— What needs to be done —
From the first line of the data below, repeat each line exactly until you reach the line with "Located in a"; include that line too.

(Caption-style text data)
[Start of section]
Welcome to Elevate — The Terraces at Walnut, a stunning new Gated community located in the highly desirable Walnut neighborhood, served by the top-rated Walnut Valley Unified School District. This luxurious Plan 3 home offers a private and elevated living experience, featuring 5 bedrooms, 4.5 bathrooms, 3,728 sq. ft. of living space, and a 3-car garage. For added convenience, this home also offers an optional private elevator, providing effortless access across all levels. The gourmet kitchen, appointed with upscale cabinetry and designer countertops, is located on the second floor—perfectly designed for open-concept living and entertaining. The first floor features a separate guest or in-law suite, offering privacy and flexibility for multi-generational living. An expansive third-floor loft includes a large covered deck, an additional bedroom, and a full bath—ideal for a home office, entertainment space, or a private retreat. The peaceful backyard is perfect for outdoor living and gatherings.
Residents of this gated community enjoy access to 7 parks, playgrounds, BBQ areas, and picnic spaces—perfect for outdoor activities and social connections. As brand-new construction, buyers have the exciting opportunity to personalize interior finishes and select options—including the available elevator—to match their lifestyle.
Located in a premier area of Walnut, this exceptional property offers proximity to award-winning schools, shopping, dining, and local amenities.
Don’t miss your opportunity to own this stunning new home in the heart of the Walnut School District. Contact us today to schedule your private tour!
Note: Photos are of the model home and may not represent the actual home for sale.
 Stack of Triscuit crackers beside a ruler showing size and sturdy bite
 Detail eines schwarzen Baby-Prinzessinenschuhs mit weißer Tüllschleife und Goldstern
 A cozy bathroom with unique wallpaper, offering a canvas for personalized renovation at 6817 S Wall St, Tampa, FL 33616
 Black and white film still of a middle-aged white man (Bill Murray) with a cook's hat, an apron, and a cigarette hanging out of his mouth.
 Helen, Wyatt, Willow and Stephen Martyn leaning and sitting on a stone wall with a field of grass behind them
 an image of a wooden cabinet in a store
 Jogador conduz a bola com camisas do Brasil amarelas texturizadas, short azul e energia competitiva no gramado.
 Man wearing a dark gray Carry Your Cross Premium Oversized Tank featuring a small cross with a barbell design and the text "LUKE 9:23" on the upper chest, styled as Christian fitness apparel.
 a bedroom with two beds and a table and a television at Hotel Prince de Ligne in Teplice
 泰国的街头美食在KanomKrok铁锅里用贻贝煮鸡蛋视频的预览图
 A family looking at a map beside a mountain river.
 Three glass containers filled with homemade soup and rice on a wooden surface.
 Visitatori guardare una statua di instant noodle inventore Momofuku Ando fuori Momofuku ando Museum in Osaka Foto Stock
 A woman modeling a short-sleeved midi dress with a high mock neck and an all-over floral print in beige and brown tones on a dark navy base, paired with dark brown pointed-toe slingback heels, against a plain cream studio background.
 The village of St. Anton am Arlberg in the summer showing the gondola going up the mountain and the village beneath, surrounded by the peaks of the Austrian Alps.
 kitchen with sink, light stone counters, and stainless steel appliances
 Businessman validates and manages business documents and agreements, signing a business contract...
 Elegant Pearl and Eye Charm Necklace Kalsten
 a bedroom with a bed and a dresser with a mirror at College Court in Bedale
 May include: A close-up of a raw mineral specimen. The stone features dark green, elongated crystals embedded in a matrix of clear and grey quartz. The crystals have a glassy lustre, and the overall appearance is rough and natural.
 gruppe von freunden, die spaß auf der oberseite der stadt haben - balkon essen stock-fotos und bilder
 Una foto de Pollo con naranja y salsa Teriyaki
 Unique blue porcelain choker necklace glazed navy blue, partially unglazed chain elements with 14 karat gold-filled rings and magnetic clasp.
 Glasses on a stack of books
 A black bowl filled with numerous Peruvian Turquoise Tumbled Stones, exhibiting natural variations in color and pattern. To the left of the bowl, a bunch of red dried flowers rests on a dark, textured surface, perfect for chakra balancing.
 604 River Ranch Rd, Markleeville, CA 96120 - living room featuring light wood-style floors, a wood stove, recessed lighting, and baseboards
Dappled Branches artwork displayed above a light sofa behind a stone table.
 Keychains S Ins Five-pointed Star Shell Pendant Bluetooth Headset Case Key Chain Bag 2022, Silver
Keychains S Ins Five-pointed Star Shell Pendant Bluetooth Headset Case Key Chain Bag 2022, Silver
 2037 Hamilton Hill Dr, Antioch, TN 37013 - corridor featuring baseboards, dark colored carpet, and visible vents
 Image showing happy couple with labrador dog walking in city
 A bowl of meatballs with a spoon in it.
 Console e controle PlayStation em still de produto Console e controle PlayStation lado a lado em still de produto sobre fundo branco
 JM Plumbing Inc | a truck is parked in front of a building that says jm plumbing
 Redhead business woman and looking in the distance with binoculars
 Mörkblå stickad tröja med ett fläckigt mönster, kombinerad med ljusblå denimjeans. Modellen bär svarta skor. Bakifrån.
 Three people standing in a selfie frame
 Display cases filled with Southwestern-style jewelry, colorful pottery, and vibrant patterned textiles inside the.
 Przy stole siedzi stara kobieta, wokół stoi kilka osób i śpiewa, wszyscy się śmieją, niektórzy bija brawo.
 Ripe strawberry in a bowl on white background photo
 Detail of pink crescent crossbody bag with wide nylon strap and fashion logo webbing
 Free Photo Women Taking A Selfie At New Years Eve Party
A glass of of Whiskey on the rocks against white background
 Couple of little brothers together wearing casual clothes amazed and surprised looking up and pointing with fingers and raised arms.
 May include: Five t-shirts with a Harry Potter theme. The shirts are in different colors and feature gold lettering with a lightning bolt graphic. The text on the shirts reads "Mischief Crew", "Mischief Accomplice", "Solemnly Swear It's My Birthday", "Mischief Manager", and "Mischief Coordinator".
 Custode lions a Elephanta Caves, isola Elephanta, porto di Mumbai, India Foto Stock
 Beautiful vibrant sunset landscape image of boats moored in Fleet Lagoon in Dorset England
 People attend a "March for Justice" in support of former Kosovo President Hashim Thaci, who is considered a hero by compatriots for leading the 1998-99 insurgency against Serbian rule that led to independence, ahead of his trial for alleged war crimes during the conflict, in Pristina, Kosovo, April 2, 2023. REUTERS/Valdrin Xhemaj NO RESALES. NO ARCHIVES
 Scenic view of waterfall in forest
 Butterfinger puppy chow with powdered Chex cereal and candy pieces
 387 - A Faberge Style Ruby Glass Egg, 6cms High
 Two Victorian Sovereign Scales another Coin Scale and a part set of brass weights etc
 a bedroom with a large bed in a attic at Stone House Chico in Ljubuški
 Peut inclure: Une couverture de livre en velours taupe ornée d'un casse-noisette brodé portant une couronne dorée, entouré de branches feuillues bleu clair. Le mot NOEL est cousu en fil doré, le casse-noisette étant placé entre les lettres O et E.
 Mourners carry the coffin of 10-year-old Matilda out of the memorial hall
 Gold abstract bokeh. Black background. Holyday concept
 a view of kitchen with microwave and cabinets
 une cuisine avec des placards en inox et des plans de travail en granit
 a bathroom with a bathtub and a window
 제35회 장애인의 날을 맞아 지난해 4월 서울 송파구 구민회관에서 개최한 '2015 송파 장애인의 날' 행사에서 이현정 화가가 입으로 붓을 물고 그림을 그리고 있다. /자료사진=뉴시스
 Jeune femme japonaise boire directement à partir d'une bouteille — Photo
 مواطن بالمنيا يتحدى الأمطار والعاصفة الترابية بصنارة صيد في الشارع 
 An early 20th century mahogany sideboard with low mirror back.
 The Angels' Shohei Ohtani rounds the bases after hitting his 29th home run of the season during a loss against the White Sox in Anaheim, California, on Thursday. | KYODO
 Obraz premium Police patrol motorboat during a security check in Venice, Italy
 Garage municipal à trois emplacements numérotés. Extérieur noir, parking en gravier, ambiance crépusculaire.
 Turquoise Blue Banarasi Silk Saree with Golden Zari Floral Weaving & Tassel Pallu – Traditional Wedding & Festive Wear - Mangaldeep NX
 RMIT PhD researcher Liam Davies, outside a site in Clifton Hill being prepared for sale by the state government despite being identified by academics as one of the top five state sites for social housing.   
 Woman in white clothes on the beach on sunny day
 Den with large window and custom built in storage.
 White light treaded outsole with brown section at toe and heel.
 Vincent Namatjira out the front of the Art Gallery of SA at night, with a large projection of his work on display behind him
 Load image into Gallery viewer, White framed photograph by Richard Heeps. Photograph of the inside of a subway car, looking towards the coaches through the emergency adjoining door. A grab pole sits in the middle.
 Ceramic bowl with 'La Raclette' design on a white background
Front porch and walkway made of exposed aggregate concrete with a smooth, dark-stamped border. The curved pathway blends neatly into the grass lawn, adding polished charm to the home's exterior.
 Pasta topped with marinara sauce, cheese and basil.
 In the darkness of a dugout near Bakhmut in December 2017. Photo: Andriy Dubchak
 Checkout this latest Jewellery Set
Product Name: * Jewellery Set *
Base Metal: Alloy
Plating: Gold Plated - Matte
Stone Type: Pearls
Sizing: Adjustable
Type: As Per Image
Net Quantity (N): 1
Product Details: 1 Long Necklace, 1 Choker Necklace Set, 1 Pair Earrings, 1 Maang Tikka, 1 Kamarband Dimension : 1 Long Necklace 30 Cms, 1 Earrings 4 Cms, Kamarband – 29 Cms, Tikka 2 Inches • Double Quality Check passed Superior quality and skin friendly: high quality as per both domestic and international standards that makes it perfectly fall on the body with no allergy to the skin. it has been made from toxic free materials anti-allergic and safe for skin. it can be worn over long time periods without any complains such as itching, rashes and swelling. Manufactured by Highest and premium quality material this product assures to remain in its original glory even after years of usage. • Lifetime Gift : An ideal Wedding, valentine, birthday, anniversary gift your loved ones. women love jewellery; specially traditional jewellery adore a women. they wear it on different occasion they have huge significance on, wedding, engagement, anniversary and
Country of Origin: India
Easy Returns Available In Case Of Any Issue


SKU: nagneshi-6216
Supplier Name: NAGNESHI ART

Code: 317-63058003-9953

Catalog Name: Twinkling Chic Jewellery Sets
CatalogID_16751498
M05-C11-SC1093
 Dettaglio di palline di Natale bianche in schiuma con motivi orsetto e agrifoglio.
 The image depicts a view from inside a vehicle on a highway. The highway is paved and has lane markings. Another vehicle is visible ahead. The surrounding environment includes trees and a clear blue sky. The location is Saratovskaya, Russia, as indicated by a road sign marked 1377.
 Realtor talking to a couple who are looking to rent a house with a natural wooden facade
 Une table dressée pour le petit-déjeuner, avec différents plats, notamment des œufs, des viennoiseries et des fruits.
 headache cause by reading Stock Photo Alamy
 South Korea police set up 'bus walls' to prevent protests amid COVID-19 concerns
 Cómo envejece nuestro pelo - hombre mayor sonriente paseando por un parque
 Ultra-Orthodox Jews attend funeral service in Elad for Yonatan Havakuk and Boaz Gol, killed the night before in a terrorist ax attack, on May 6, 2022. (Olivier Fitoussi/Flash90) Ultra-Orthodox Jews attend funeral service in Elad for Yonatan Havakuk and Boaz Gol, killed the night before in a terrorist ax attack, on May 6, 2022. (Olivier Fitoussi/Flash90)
[End of section]
— Answer below —
Welcome to Elevate — The Terraces at Walnut, a stunning new Gated community located in the highly desirable Walnut neighborhood, served by the top-rated Walnut Valley Unified School District. This luxurious Plan 3 home offers a private and elevated living experience, featuring 5 bedrooms, 4.5 bathrooms, 3,728 sq. ft. of living space, and a 3-car garage. For added convenience, this home also offers an optional private elevator, providing effortless access across all levels. The gourmet kitchen, appointed with upscale cabinetry and designer countertops, is located on the second floor—perfectly designed for open-concept living and entertaining. The first floor features a separate guest or in-law suite, offering privacy and flexibility for multi-generational living. An expansive third-floor loft includes a large covered deck, an additional bedroom, and a full bath—ideal for a home office, entertainment space, or a private retreat. The peaceful backyard is perfect for outdoor living and gatherings.
Residents of this gated community enjoy access to 7 parks, playgrounds, BBQ areas, and picnic spaces—perfect for outdoor activities and social connections. As brand-new construction, buyers have the exciting opportunity to personalize interior finishes and select options—including the available elevator—to match their lifestyle.
Located in a premier area of Walnut, this exceptional property offers proximity to award-winning schools, shopping, dining, and local amenities.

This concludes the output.